Rapporto 2009 sullo stato di attuazione della Straegia di Lisbona
Il Rapporto 2009 sullo stato di attuazione nel nostro Paese della Strategia di Lisbona per la crescita e l'occupazione (il primo del ciclo triennale di programmazione) dà conto delle riforme strutturali effettuate in attuazione degli obblighi assunti dal nostro Paese nell'ambito della Strategia. Il Rapporto è stato presentato dal Ministro per le Politiche Europee in Consiglio dei Ministri il 28 ottobre 2009.

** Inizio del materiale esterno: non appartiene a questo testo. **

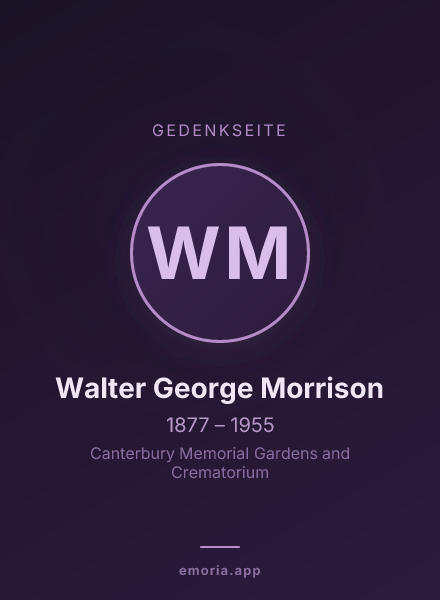 Gedenkportrait von Walter George Morrison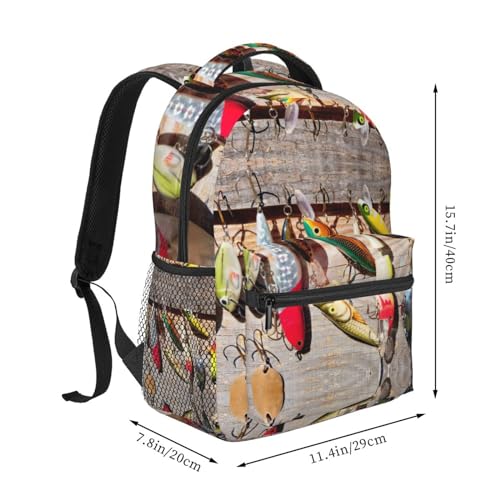 Sac à dos léger OdDdot Lure1 en toile imprimée ultra résistante noir taille unique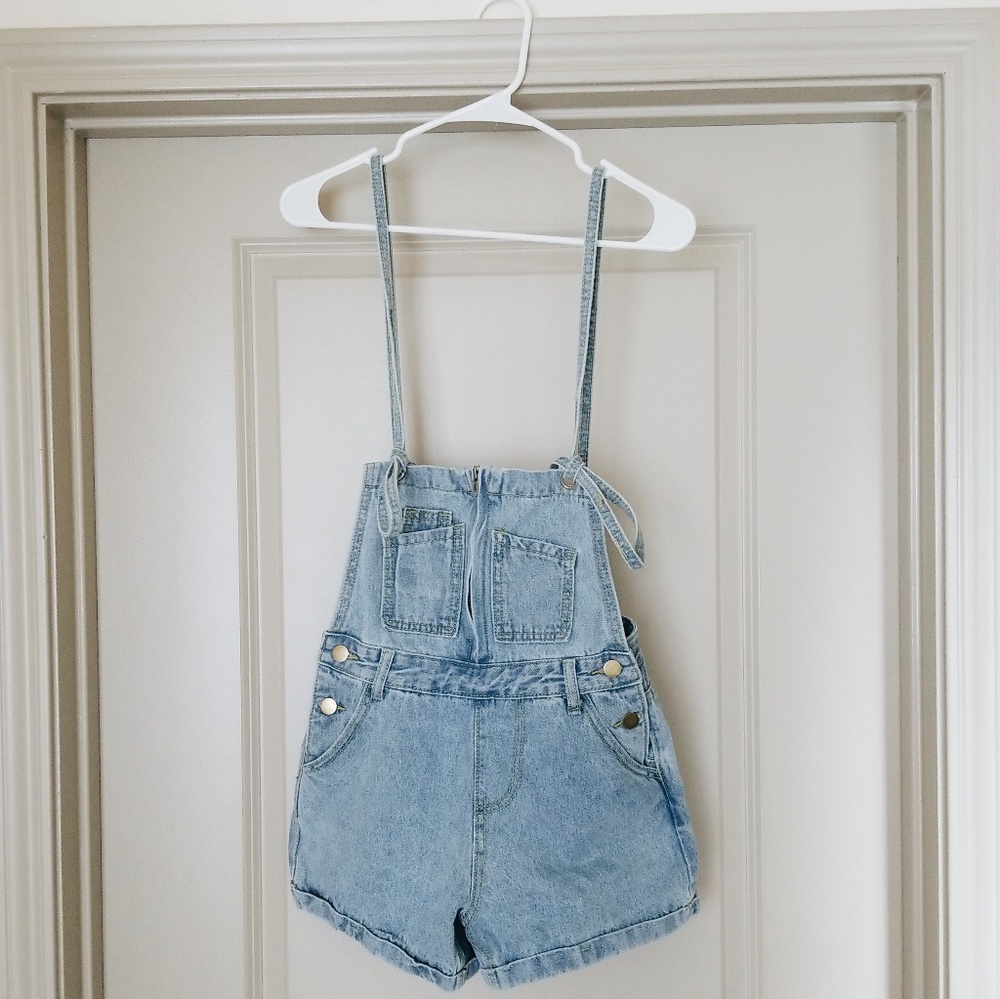 Denim Romper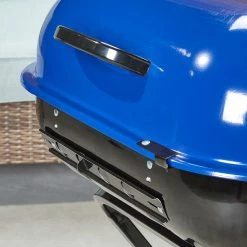 Outlet 🔔 Americana Grills 21.25-in W Ocean Blue Kettle Charcoal Grill ⌛ -Deals Grills & Outdoor Cooking Store 44018193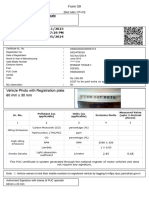 Pollution Under Control Certificate: Form 59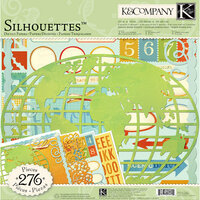 K and Company - Around the World Collection - 12 x 12 Silhouettes Die Cut Paper Pack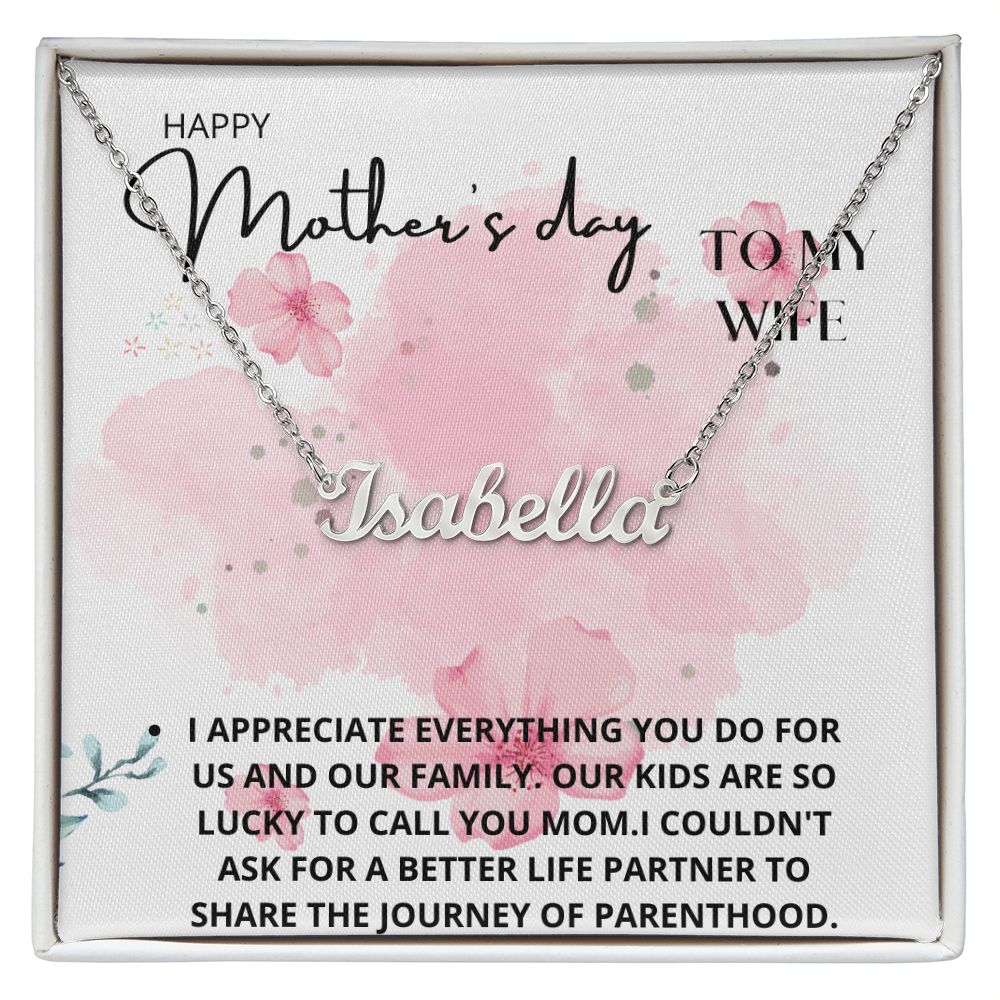 Mother's day to my wife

Il Rapporto è stato redatto con il coordinamento del Dipartimento Politiche Comunitarie, sulla base dei contribuiti forniti dalle Amministrazioni interessate, centrali e territoriali, e delle indicazioni pervenute dalle parti sociali. Sarà successivamente trasmesso alla Commissione europea.
Le sfide e le priorità che l’Italia e il suo Governo hanno davanti rappresentano, da un lato, una risposta all’attuale crisi economica e dall’altro, l’attuazione nazionale degli obiettivi della Strategia di Lisbona declinata nelle raccomandazioni paese per il 2009 ed, in particolare, nel risanamento e nella sostenibilità delle finanze pubbliche, nella semplificazione delle procedure amministrative, nelle liberalizzazioni dei mercati e nell’efficienza del mercato del lavoro. Ci sono ancora molte cose da fare. Il Governo intende portare avanti con convinzione le riforme della Strategia di Lisbona, e questo Rapporto ne è la testimonianza.
Il Rapporto contiene una sintesi delle principali misure adottate o in corso di elaborazione da parte dell'Italia per favorire la crescita e l’occupazione ed è articolato in tre grandi aree:
- macroeconomica, con brevi indicazioni anche sugli interventi effettuati per contrastare la crisi;
- microeconomica, dove vengono indicati gli interventi di liberalizzazione e semplificazione delle procedure amministrative, quelli a carattere ambientale ed infrastrutturale;
- occupazione e mercato del lavoro, dove una particolare attenzione è dedicata alla formazione del capitale umano e alle riforme dell'istruzione.
La Strategia di Lisbona, così come oggi concepita, terminerà nel 2010 ed è già in corso una riflessione sulla Strategia che accompagnerà l'Europa nel corso del prossimo decennio.